I’m thinking about truth right now.

Earlier in the year, I picked up my daughter from a friend’s house. As she got into the car and closed the door behind her, the diatribe began.

“Mom, I am in so much trouble. I forgot to show up. I was so worried about calculus that I went to a study group and forgot to show up for choir rehearsal. Mr. Wingate is going to be so mad at me. I can’t believe I did that. It’s not me. I’m not unreliable. I keep my commitments. It’s just not me to forget like that.”

“I can’t believe I did that. It’s not me.”

In the ten minute diatribe that went on and on about her distress for missing choir rehearsal, my daughter said, “I can’t believe I did that. It’s not me,” at least six times.

Finally, I pulled the car over, put it in park, and looked at her. “Breanne, honey, let’s really take a look at the truth. Evidently, it is you to forget choir rehearsal. It’s what you did. You made a mistake. It’s true that you don’t do this kind of thing often, but you did it today. Believe it. Accept it. Now, what are you going to do about it?”

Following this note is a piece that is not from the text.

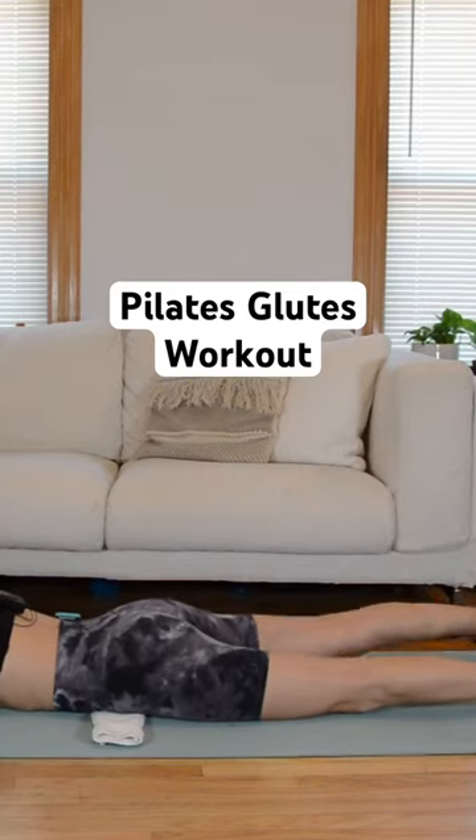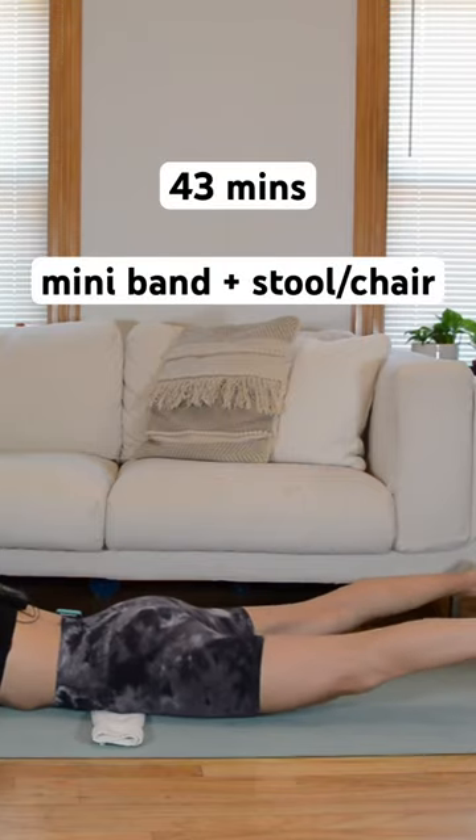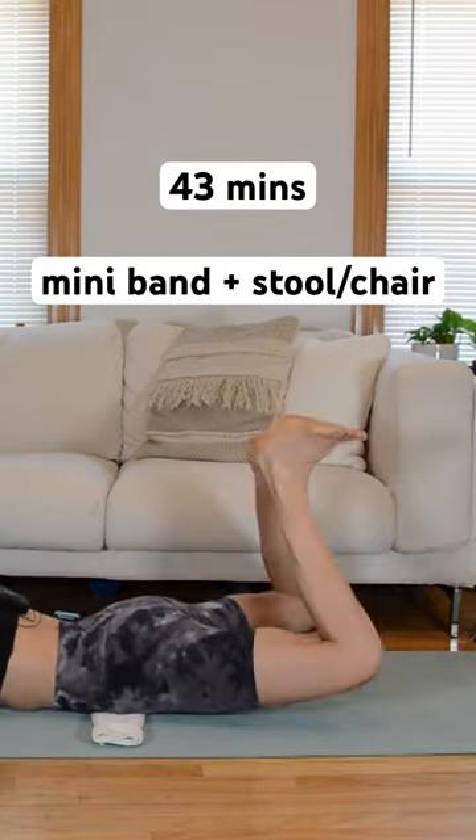This Pilates workout focuses in on the glutes. You'll need a mini band and a stool or a chair for it. We start down on the mat in a prone position, focusing on extension. We'll also add in a little bit of hip rotation.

Even as I spoke the words to Breanne, I knew that I needed to reflect on them as well. There are many times when I’ve turned to blaming, excusing, rationalizing or avoidance to veil the truth of a situation so that I didn’t have to feel more exposed to my errors and personal failures.

Everyone experiences mistakes and errors. This is a truth. Everyone could have the courage to admit mistakes to get over them and move on. This is an opportunity for building personal strength. How often do we really acknowledge the truth and take our opportunity? Your response influences people and outcomes by your positive example…or not. Your response demonstrates courage…or not.

Many of us view mistakes and errors as weaknesses to cover and hide. Yet, wouldn’t most strong leaders agree that the process of acknowledging and taking action on errors is strength in itself? Wouldn’t most strong leaders agree that the learning from mistakes contributes to even greater strength?

You have the strength to face your mistakes, tell the truth, and take the action that leads to even greater strength. You have the strength to deny the junk talk of blaming, excusing, rationalizing, and avoidance.

Breanne showed her strength to repair her relationship with the choral teacher by accepting responsibility for her “forgetting” and taking action on a respectful apology. You and I can develop greater strength from acknowledging and taking valuable action on our errors as well.

Here is a strategy to try. In the next two or three days, keep this phrase in mind. Name it, claim it, and tame it. The next time that you make an error, whether in a relationship or working towards a goal, name your mistake and claim the responsibility for it. Then tame it by taking action on a remedy. Do you need to apologize? Make restitution? Fix it? Focus on taking action for the best possible outcome, both for remedy of the error and for your personal growth. You’ll be glad that you did.